Se termina ya la historia de los tres mosqueteros en Salamanca, mañana será nuestro último día juntos. Uno acaba los estudios y a los otros dos nos queda un curso más, si Dios quiere. No hay palabras para describir ni modo de calcular el peso de una amistad, quizás una canción sí puede hacerlo, por ejemplo, la que ahora mismo suena: “You are always in mi mind”, sonando en el hermoso piano de Beggie Adair, sin letra pero con todo el amor del mundo flotando en cada nota; la melancolía de quien reconoce la huella que alguien deja en su alma es quien acaricia mi alma. Siempre estarás en mi mente, y también en mi corazón, añado, como un eterno retorno de sonrisas, tiempos, prisas, agobios y juramentos en arameo y otras lenguas muertas ante las dificultades que un estudiante, que además tiene otro par de millones más de tareas a las espaldas, debe afrontar cuando quiere/debe sacar los estudios.

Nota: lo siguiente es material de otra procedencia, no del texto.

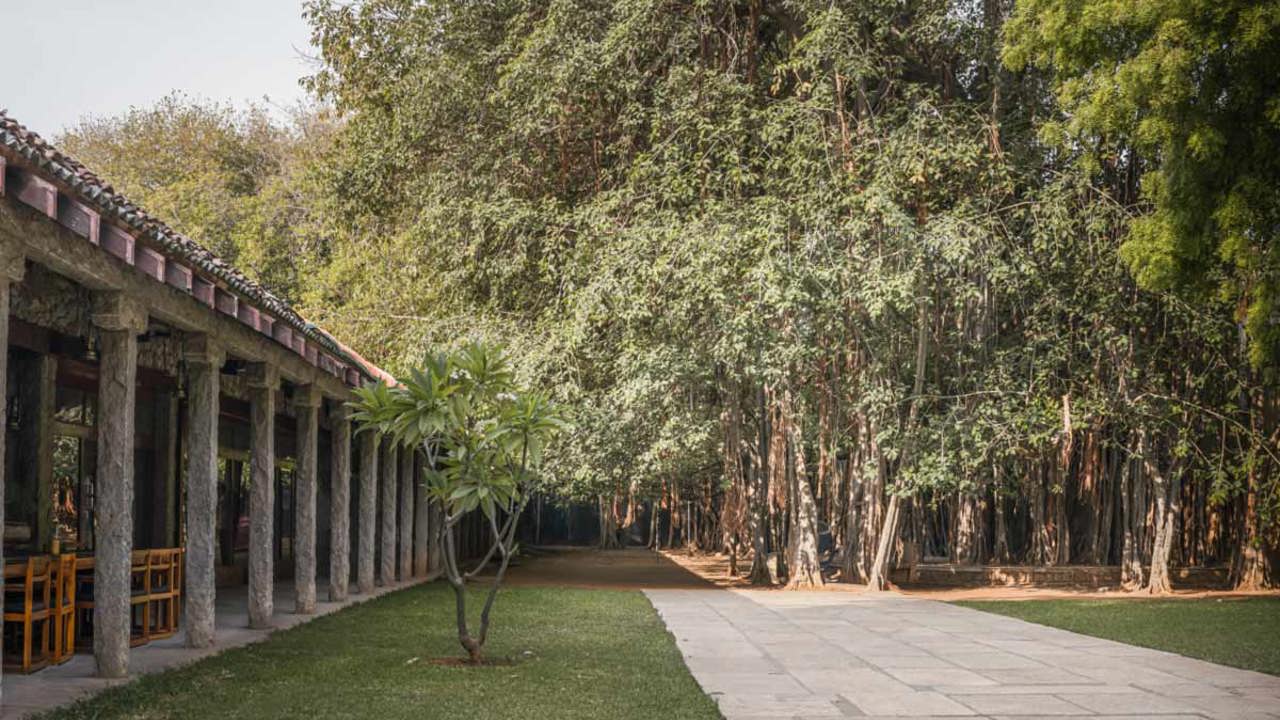 Heritage Madurai Fælles Areal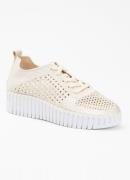 Ilse Jacobsen Tulip sneaker met gebreid bovenwerk
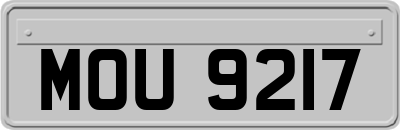 MOU9217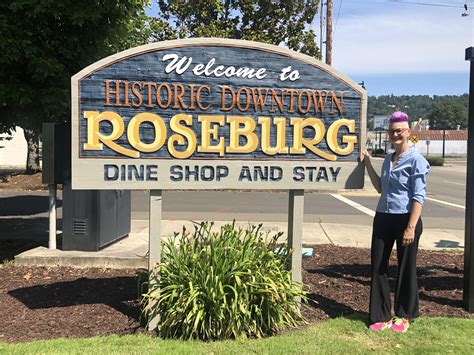 Living in Roseburg, Oregon - Roseburg Local Spotlights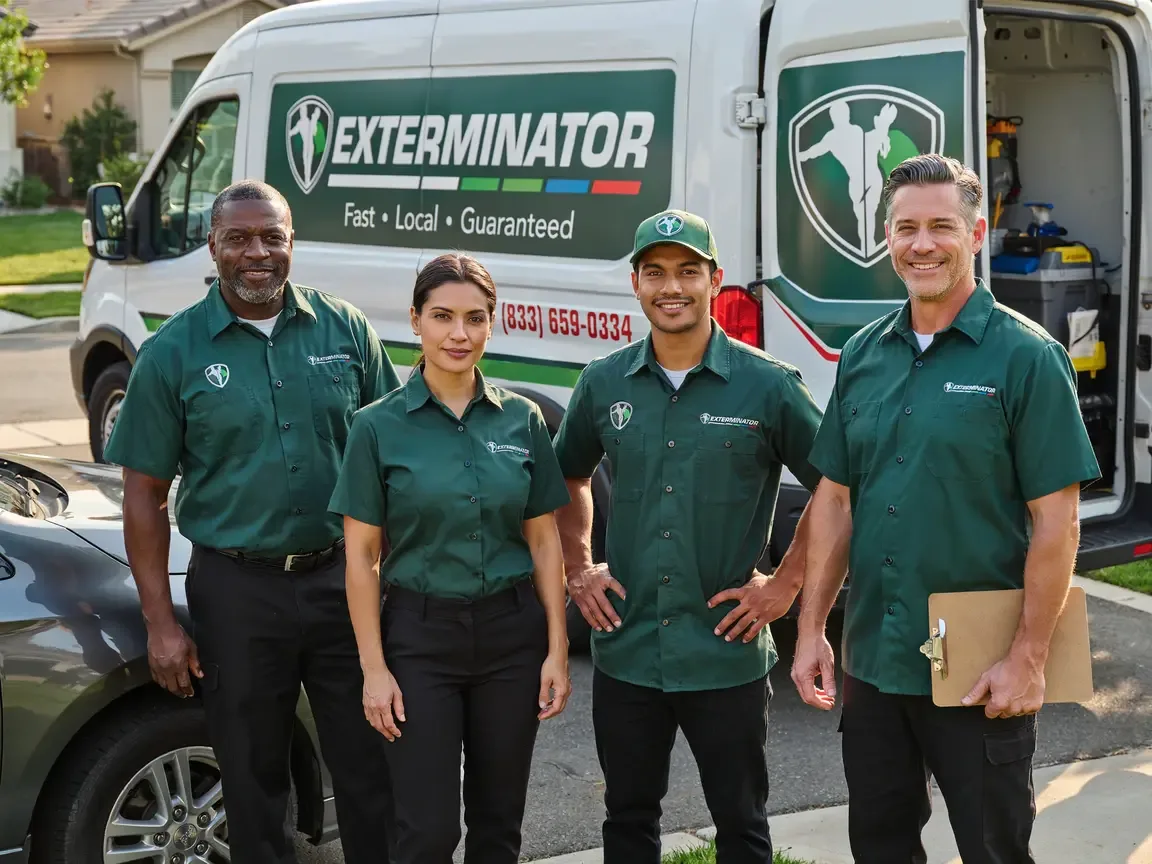 Pest Control company in Patterson, CA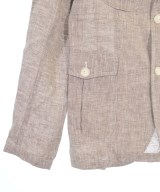 Giannetto（ジャンネット）ジャケット 茶 サイズ:42(XS位) メンズ/2200619761059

Irrepetible es otra palabra que va a juego con inolvidable. Si fuésemos conscientes de que cada instante de la existencia desaparece en el tiempo para no volver jamás, quizás viviríamos con más cuidado y más intensidad a la vez. Esta mañana, cuatro amigos nos hemos ido a tomar algo para celebrar el final del examen de hoy: algo que no se volverá a repetir, ni siquiera aunque los mismos cuatro volvamos al mismo lugar y tomemos lo mismo; ya nada será igual. Lo irrepetible adquiere en milésimas de segundo la categoría de inolvidable -o de olvidable, si la cosa no ha sido para tirar cohetes precisamente-, pero en todo caso, ya ha pasado y jamás volverá. No sé si será mi edad provecta o la sabiduría que me está proporcionando este regalo que es volver a la universidad cuando ya las canas blanquean mi sien, como dice el tango, la causa de la conciencia cada vez más clara de que el tiempo se escapa y la vida con él, y de que tengo la obligación de ser consciente de cada minuto transcurrido, compartido y experimentado. Después ya veré en qué cajón de la memoria lo guardo, pero el hecho es que no quiero dejar este mundo sin haberlo sentido palpitar en mis manos. En definitiva, de eso trata la vida, de que sea yo quien tome las riendas, no de que ella me arrastre de los pelos o me lleve en volandas. No. La vida me ha sido regalada a mí, a esta que suscribe, y a mí me serán pedidas cuentas de lo que yo haga con ella, del bien hecho y del dejado de hacer, del mal hecho y del no evitado, pero también del amor esparcido durante los años ya vividos y los que me queden que andar por aquí.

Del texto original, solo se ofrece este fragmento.